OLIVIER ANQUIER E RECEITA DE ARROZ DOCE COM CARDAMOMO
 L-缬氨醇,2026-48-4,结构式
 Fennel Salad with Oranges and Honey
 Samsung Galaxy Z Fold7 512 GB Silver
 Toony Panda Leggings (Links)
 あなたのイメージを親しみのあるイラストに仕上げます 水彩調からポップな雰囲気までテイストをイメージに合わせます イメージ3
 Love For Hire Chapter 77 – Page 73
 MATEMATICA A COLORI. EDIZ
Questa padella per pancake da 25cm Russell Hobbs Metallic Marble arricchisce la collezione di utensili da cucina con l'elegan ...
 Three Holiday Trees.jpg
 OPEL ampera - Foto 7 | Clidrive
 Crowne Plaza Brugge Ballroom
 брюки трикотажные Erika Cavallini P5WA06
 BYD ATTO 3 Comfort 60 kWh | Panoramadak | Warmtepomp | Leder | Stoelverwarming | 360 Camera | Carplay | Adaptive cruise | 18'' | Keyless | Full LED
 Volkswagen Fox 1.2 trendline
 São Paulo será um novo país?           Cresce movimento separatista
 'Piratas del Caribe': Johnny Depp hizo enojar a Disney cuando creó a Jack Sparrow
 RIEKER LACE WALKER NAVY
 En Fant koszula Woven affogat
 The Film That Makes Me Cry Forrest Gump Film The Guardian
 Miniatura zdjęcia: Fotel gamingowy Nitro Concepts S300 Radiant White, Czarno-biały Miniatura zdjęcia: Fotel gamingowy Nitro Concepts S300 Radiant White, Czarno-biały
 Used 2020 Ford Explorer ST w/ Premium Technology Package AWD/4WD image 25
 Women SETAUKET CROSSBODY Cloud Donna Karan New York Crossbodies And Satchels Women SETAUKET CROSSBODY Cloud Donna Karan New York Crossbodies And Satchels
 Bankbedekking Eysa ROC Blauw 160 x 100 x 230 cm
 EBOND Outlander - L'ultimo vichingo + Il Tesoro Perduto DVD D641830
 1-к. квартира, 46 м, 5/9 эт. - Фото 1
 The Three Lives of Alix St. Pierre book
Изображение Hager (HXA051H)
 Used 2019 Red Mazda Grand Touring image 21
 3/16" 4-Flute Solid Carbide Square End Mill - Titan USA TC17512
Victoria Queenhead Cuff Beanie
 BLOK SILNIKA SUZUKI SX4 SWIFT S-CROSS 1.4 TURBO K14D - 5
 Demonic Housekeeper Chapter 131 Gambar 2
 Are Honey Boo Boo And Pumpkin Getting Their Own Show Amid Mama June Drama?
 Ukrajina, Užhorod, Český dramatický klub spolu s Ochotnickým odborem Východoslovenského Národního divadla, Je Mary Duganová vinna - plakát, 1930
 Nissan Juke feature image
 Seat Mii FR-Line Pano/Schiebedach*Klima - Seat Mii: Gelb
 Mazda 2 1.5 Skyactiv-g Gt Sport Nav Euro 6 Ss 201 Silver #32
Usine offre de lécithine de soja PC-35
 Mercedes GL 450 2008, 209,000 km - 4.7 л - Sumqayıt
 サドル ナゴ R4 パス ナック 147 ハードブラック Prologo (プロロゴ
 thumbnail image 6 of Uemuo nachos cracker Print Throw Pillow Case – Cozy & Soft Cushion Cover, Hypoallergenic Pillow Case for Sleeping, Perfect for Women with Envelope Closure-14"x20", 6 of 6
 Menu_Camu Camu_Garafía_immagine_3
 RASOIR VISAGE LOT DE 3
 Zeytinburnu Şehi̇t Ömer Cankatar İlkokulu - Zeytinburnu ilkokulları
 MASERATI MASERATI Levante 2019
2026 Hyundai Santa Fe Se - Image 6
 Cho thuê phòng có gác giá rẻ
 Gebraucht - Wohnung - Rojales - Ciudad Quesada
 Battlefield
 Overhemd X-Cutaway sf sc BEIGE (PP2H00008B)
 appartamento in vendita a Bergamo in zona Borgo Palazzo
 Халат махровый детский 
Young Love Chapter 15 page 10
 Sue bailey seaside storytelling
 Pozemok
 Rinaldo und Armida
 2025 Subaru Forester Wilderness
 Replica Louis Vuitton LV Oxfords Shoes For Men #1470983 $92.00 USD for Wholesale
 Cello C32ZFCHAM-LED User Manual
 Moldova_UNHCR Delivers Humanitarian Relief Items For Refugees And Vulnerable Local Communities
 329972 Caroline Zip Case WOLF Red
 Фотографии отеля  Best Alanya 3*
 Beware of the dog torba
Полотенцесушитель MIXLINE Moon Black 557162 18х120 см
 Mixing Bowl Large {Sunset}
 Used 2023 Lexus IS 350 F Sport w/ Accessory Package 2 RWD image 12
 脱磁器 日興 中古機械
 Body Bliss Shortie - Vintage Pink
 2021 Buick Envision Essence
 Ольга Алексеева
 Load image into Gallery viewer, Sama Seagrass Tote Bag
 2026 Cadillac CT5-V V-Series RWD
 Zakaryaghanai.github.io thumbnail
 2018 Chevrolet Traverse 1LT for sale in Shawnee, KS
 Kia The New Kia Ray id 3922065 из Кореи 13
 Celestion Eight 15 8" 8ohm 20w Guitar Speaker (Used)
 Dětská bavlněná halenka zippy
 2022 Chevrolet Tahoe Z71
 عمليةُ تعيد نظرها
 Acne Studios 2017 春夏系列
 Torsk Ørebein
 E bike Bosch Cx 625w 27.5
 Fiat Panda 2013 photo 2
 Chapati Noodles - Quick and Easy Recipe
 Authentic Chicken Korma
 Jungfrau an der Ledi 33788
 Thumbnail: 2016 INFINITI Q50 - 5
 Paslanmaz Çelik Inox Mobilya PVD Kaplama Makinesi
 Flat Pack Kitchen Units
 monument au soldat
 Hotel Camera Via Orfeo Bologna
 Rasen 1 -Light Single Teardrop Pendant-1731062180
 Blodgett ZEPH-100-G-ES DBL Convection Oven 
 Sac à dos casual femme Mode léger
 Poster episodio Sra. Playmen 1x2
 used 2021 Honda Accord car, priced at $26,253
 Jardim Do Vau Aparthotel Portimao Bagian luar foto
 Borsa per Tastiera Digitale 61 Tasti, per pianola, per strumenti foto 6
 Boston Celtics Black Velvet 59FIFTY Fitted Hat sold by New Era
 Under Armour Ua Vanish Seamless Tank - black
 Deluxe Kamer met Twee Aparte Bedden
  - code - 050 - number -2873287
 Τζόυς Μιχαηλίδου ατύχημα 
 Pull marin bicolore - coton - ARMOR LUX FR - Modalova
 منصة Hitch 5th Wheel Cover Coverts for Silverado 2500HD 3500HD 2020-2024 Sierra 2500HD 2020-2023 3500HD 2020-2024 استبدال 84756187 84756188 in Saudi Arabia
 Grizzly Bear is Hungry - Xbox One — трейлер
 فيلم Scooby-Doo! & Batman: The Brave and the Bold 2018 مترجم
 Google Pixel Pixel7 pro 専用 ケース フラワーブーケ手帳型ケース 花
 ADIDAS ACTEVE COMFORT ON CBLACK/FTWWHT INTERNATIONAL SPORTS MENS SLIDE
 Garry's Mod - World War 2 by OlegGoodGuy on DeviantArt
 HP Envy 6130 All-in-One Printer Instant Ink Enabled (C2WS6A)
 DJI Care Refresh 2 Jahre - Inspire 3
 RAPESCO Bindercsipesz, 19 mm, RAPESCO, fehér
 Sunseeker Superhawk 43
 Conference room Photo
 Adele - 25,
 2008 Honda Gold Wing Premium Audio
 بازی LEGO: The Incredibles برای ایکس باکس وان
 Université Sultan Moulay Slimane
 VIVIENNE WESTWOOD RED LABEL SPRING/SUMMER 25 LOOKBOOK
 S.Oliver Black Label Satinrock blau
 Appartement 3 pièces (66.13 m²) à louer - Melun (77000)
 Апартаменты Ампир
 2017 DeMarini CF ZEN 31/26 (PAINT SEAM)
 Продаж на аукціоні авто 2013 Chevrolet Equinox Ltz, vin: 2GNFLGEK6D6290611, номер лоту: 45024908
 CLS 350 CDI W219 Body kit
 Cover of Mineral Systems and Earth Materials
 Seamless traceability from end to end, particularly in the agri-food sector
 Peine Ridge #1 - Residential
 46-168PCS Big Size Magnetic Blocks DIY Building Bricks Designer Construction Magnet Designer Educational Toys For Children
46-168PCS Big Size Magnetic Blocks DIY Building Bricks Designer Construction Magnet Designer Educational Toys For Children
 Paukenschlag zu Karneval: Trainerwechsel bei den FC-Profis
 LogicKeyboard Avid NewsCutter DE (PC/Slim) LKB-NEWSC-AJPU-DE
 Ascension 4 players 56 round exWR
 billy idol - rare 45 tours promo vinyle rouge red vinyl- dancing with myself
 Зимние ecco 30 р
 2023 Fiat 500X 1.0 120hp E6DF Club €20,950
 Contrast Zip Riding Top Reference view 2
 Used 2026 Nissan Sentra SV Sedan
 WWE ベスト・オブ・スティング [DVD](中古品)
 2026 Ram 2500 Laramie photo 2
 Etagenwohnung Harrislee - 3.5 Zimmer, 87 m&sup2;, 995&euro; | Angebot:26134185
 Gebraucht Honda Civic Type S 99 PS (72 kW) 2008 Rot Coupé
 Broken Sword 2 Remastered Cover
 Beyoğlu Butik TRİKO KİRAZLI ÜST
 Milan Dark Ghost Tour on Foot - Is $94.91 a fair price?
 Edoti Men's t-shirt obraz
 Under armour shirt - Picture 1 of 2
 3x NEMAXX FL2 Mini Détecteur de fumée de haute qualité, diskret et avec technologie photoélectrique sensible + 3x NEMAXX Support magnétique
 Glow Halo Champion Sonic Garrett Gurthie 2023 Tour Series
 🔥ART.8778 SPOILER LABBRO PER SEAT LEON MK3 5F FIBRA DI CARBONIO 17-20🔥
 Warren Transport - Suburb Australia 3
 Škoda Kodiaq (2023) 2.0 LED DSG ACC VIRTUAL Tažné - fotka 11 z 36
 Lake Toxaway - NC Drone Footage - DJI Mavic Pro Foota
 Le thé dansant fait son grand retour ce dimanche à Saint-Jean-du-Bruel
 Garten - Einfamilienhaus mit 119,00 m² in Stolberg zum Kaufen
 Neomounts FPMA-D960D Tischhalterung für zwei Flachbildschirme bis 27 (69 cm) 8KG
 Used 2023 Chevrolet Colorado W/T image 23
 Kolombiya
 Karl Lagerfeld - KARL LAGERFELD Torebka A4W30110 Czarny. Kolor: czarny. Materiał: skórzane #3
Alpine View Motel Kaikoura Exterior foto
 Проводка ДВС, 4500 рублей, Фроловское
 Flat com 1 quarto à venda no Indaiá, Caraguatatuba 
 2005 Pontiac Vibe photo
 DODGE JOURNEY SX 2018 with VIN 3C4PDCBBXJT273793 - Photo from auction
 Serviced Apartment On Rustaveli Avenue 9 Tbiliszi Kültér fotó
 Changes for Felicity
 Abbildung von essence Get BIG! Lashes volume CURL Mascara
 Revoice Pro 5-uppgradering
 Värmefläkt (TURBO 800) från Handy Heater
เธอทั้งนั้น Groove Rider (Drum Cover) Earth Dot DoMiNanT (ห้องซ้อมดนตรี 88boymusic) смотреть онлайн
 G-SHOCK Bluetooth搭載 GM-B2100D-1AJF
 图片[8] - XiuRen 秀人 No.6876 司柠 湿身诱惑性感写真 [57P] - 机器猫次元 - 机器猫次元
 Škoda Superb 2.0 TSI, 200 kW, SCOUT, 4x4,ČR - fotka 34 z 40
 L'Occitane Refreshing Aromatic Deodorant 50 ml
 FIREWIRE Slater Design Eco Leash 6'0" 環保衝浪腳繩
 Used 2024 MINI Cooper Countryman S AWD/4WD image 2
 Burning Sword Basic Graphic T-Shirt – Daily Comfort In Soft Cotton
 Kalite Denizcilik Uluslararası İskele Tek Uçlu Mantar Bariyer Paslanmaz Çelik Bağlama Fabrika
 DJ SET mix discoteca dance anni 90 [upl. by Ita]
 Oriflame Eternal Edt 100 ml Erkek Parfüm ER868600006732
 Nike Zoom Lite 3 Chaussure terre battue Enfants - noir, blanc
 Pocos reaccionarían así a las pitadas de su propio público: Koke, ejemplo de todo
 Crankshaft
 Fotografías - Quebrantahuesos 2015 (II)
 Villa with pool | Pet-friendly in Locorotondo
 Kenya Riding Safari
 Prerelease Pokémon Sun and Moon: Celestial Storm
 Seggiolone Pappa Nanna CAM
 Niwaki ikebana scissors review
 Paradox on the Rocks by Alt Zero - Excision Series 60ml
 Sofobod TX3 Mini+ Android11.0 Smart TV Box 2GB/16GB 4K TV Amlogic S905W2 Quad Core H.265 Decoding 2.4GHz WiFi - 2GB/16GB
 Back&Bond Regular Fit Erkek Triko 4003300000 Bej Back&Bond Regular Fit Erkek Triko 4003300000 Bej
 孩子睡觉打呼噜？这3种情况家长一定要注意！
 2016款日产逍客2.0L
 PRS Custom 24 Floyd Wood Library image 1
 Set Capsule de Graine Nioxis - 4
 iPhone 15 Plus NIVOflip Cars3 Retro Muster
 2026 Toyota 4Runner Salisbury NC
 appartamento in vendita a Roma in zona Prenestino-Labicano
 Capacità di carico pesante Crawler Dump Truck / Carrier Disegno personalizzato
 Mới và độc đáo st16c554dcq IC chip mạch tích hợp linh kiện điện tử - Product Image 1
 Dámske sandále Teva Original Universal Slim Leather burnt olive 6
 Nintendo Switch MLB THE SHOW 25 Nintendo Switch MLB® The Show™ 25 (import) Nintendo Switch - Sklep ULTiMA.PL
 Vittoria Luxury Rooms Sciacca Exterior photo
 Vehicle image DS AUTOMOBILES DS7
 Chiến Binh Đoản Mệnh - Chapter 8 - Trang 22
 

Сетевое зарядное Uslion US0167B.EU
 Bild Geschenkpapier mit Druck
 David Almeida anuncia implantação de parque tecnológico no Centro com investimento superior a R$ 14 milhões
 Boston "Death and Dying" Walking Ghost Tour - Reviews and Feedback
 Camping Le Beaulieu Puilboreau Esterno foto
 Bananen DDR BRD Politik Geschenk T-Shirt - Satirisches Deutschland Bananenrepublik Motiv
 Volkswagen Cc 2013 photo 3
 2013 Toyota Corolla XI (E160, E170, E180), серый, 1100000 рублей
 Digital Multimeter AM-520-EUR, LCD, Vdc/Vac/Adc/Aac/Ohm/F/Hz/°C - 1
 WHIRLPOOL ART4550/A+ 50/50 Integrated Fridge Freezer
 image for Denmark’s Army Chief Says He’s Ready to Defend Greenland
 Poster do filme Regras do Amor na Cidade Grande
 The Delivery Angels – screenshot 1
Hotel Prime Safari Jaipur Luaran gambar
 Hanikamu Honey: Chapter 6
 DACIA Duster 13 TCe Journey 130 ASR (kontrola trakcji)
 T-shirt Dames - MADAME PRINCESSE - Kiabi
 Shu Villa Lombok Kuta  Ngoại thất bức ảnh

**Work instruction**
From the listing above, the lines starting with the one that has "DI CARBONIO 17-20🔥" and running through the one that has "Garten - Einfamilienhaus" should be copied exactly, ends included.

**Answer**
 🔥ART.8778 SPOILER LABBRO PER SEAT LEON MK3 5F FIBRA DI CARBONIO 17-20🔥
 Warren Transport - Suburb Australia 3
 Škoda Kodiaq (2023) 2.0 LED DSG ACC VIRTUAL Tažné - fotka 11 z 36
 Lake Toxaway - NC Drone Footage - DJI Mavic Pro Foota
 Le thé dansant fait son grand retour ce dimanche à Saint-Jean-du-Bruel
 Garten - Einfamilienhaus mit 119,00 m² in Stolberg zum Kaufen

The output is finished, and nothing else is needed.